Stop Obsessing Over Comments On Hacker News (2015) - deepakkarki
https://venngage.com/blog/why-you-need-to-stop-obsessing-over-comments-on-hacker-news/#!
======
jasode
Discussion from October 2015:
[https://news.ycombinator.com/item?id=10412465](https://news.ycombinator.com/item?id=10412465)

My take on it is:

HN/Slashdot commenters can be valuable for pointing out what's technically
wrong with the product. They also tend to put too much weight on product's
shortcomings. However, they are blind to what's _right_ about the product or
discount the product's strengths for the non-geek consumer.

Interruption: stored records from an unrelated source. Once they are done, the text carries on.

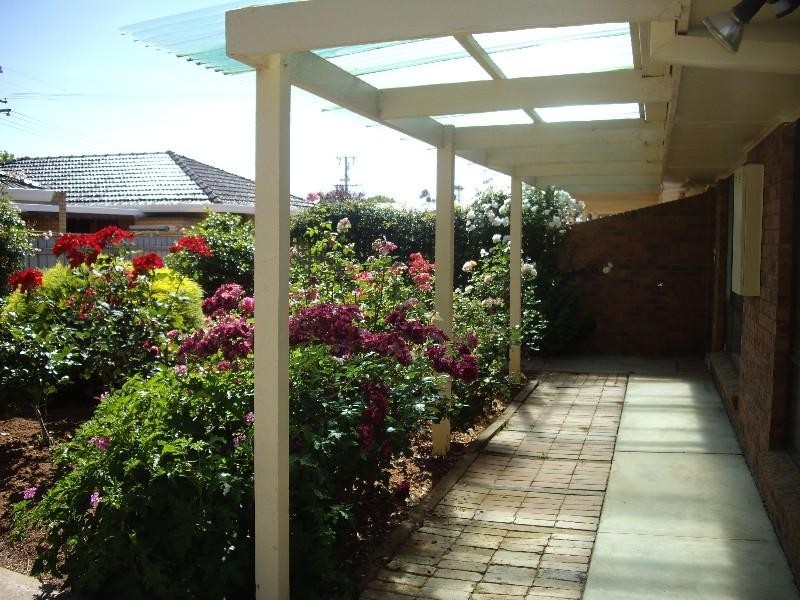 1/24 Hopetoun Street, Rochester VIC 3561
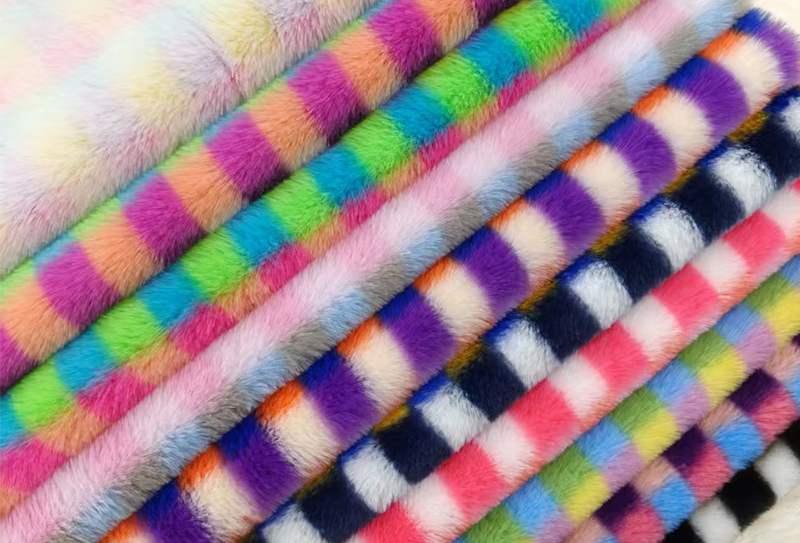 Tissu en peluche imprimé en fourrure de lapin à carreaux colorés, 500mg 160cm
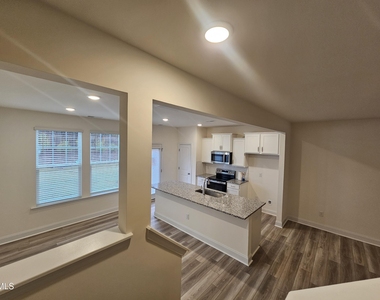 48 Bloodroot Street - Photo Thumbnail 12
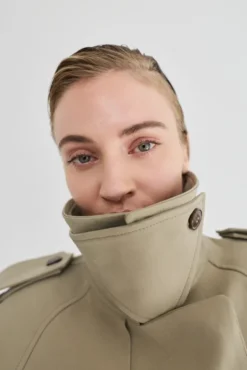 Majorstuen Trench Short Khaki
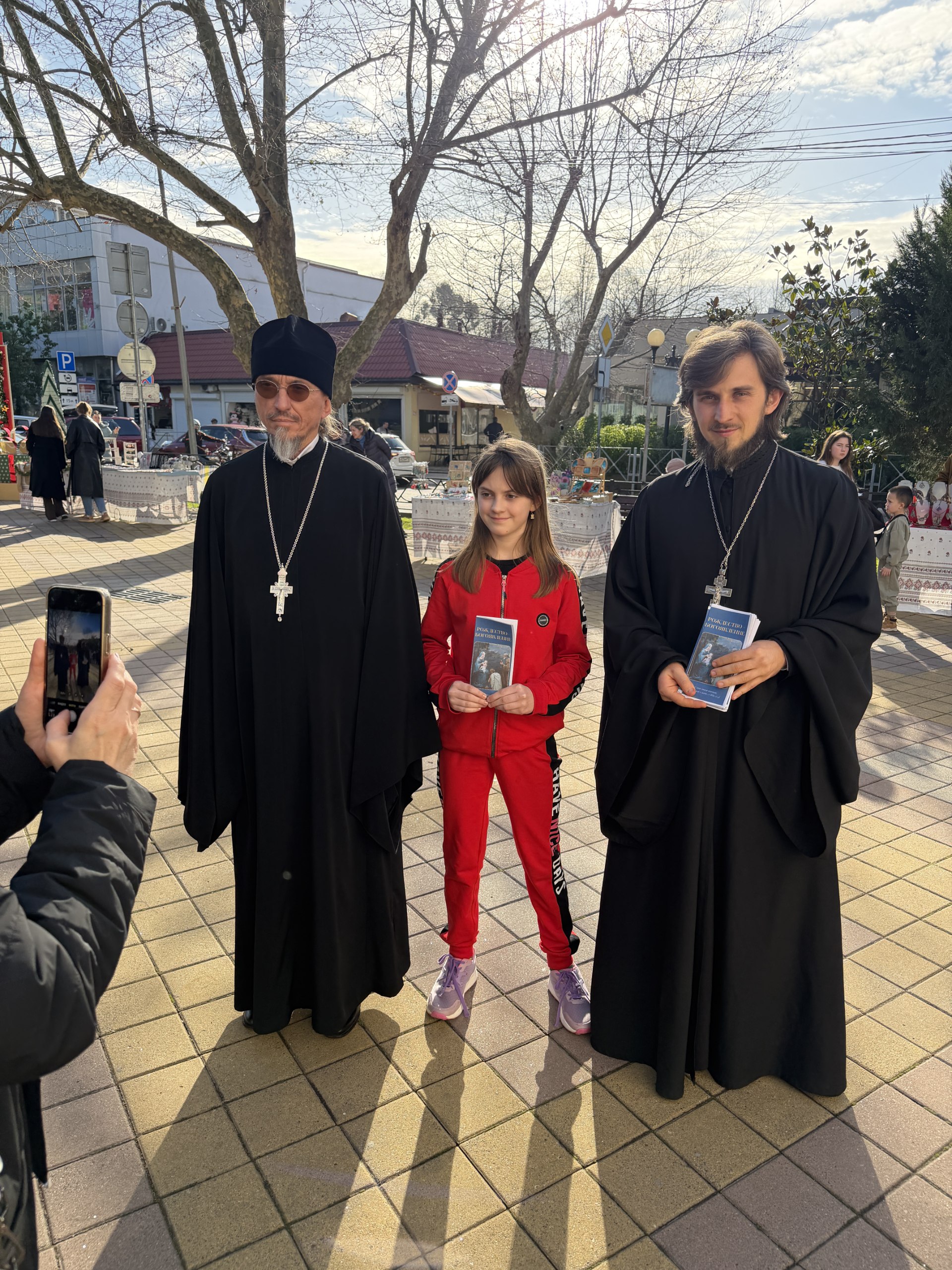 Молодёжный клуб «Фавор» провёл рождественскую миссионерскую акцию 🎄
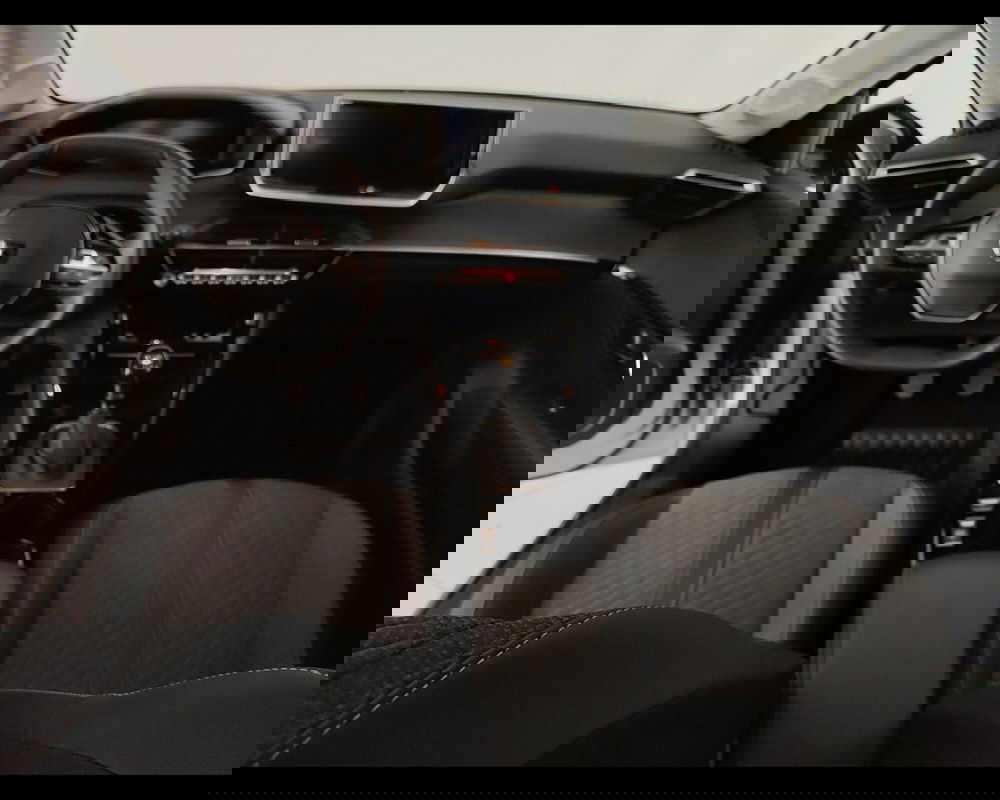 Peugeot 208 usata a Caserta (15)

However, that doesn't mean that average consumers are ultimately right either.
On the one hand, they don't have the technical understanding which often skews
the prediction towards market failure. Their naivete just lets them try the
product and vote with their wallets. On the other hand, that lack of knowledge
leads to unrealistic hypothetical products... e.g. _" if they can put a man on
the moon, why can't my smartphone battery last 3 months and project a 4k video
with 5000 lumens on my living room wall?"_ (relevant XKCD:
[https://xkcd.com/1425/](https://xkcd.com/1425/))

------
pfarnsworth
This really just puts more strength in the idea that success is largely luck-
based.

No one can accurately predict success. Not specialized forums, not specialized
workers in the field, and _not even VCs whose sole incentive is to make money
by investing in great ideas_.

Even YC says as much that they have no clear idea as to what will be a
success, and their strongest signal is the strength of the founders, and that
there should be co-founders. I'm not sure how their experiment went with
inducting people into YC just based solely on who they were, without an idea,
but that's just further evidence that even people obsessed with finding
success basically have no clear idea or signal as to what makes a success.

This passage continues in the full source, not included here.